* **ACTION ITEM**:
For the data below, retype word for word the lines from the one containing "Shab E Barat" through the one containing "Silk and Cashmere"; drop the pictures.

* **GIVEN DATA**:
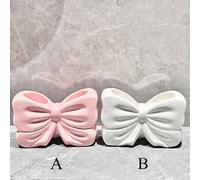Shein 1 pieza Soporte para cepillo de dientes con lazo femenino, organizador de baño de cerámica para cepillo de dientes eléctrico y pasta de dientes, decor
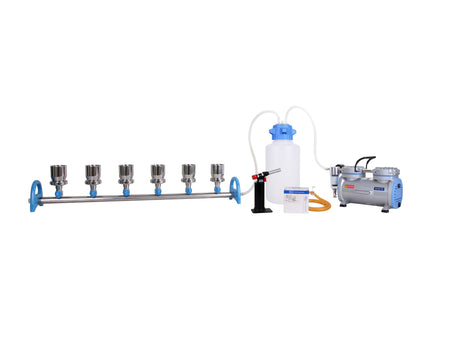 Witeg Manifold Sets with Vacuum Pumps and Waste Bottles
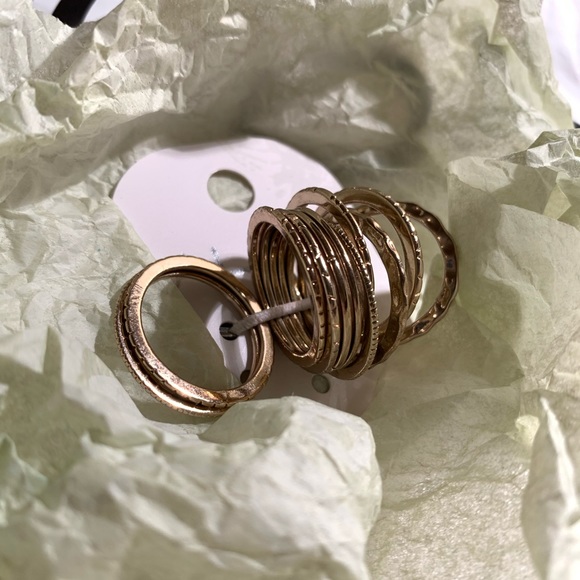 Aldo Gold Ring Set - Picture 2 of 3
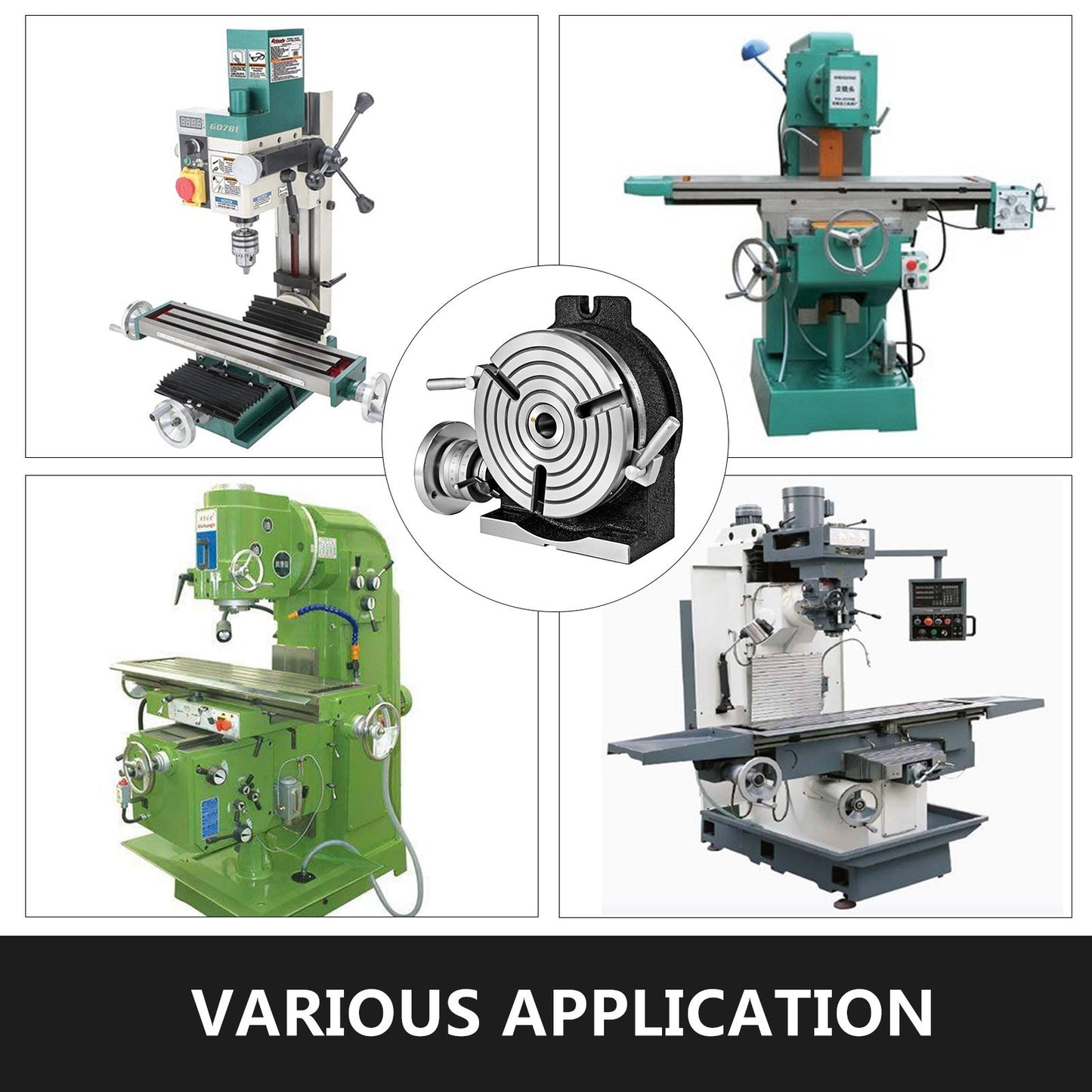 Rotary Table 8 INCH/200 MM Horizontal Vertical Rotary Table 3-Slot Rotary Table for Milling Machine MT-3 Rotary Table for Milling 360 Degrees Precision Rotary Table for Milling Drilling Vise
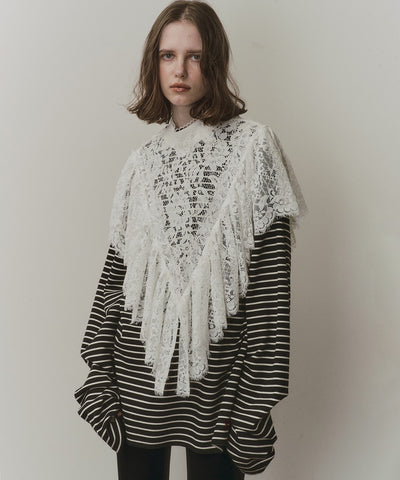 【予約10%OFF】2WAY vintage調モチーフレースつけ衿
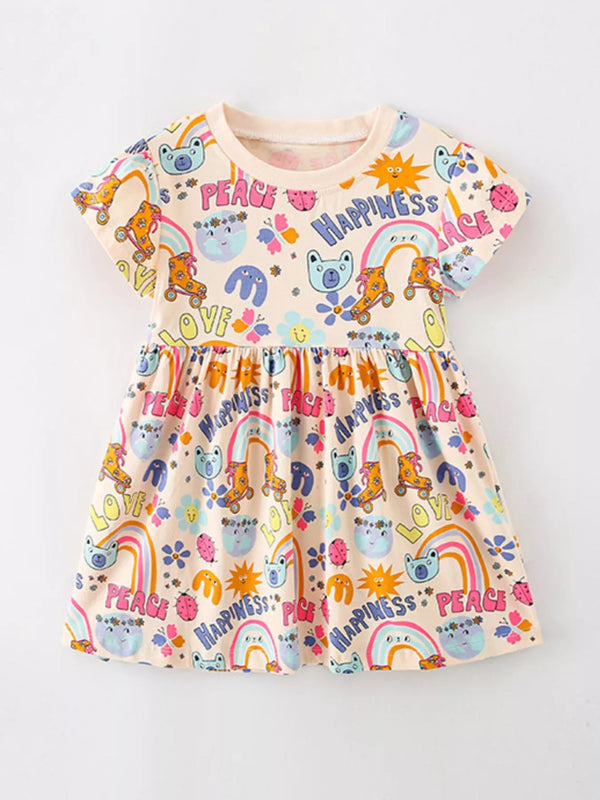 childrens-cartoon-print-short-sleeve-casual-dress-ohso-kids-sophias-styleDresses-1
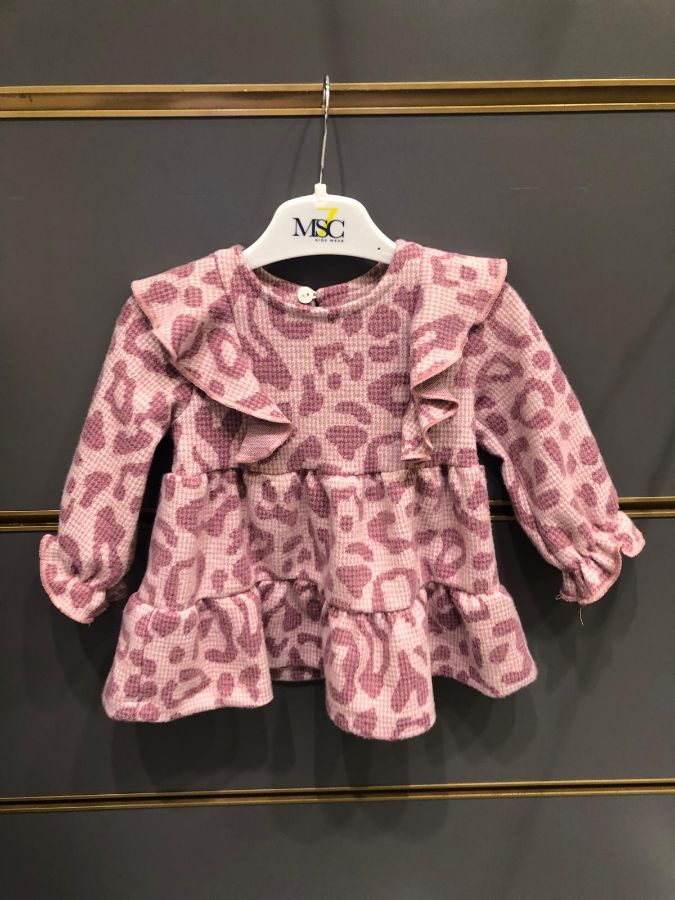 Sugar Kids S-1029 MOR Kız Çocuk Elbise resmi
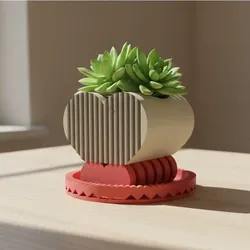 3D printer bestanden | 3MF | Full Heart Planter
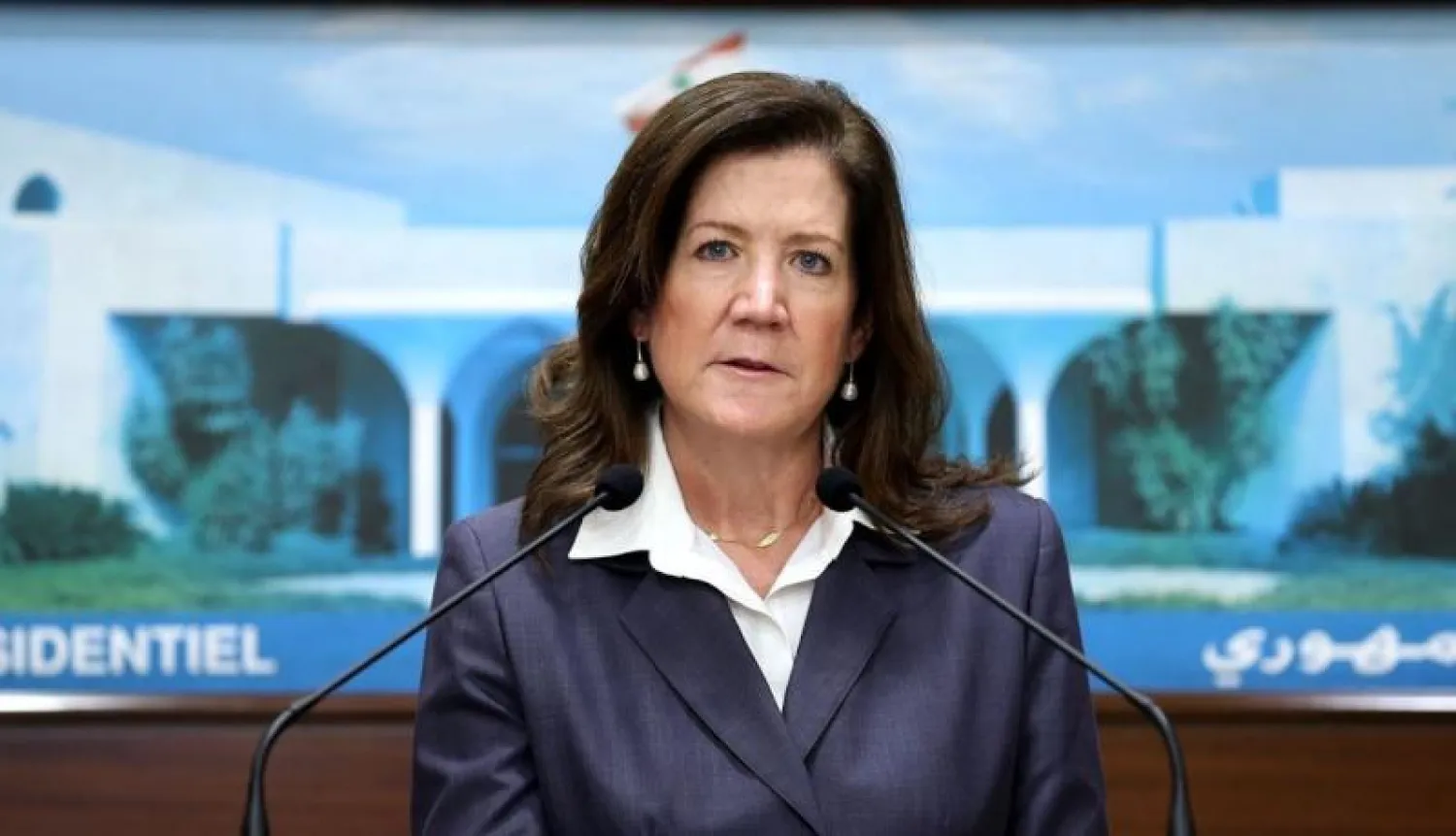 السفيرة الأميركية لدى لبنان دوروثي شيا (الرئاسة اللبنانية)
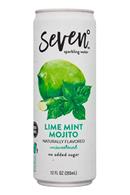 Seven Sparkling: SevenDegrees-12oz-SparklingWater-LimeMintMojito-Front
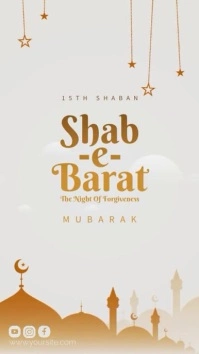 Shab E Barat Mubarak Forgiveness Night Video Instagram Story template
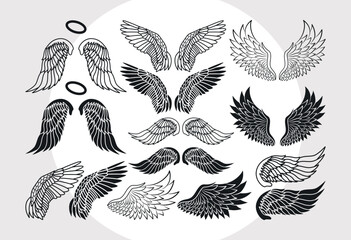 
Wings SVG Bundle, Angel Wings Svg, Fairy Wings Svg, Angel Svg, Fairy Svg, Wings Silhouette, Wings Outline,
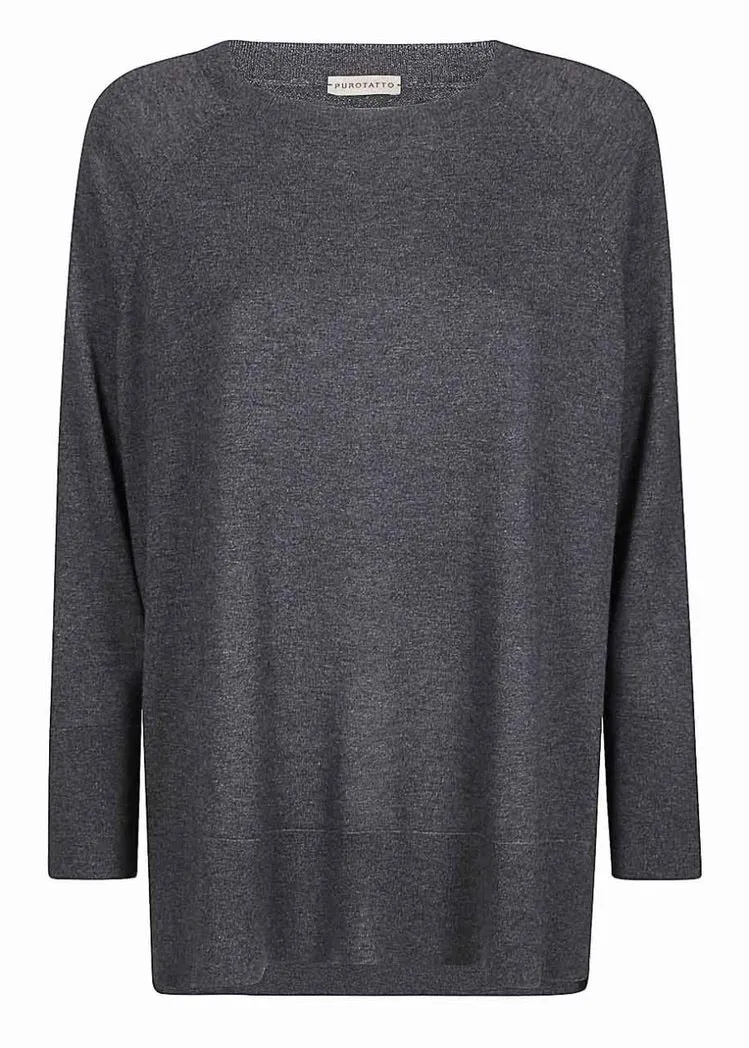 Silk and Cashmere Crew Neck - More Colors Available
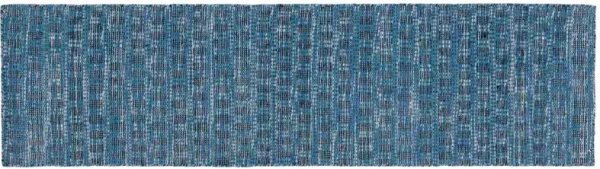 Archie Hand Woven Rug, Blue/Black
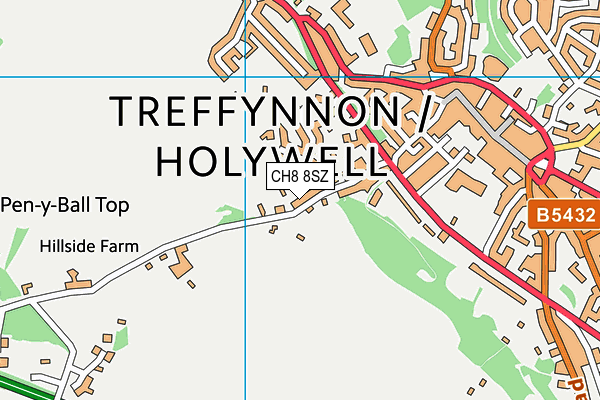 CH8 8SZ map - OS VectorMap District (Ordnance Survey)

* **RESPONSE TO THIS TASK**:
 Shab E Barat Mubarak Forgiveness Night Video Instagram Story template
Wings SVG Bundle, Angel Wings Svg, Fairy Wings Svg, Angel Svg, Fairy Svg, Wings Silhouette, Wings Outline,
 Silk and Cashmere Crew Neck - More Colors Available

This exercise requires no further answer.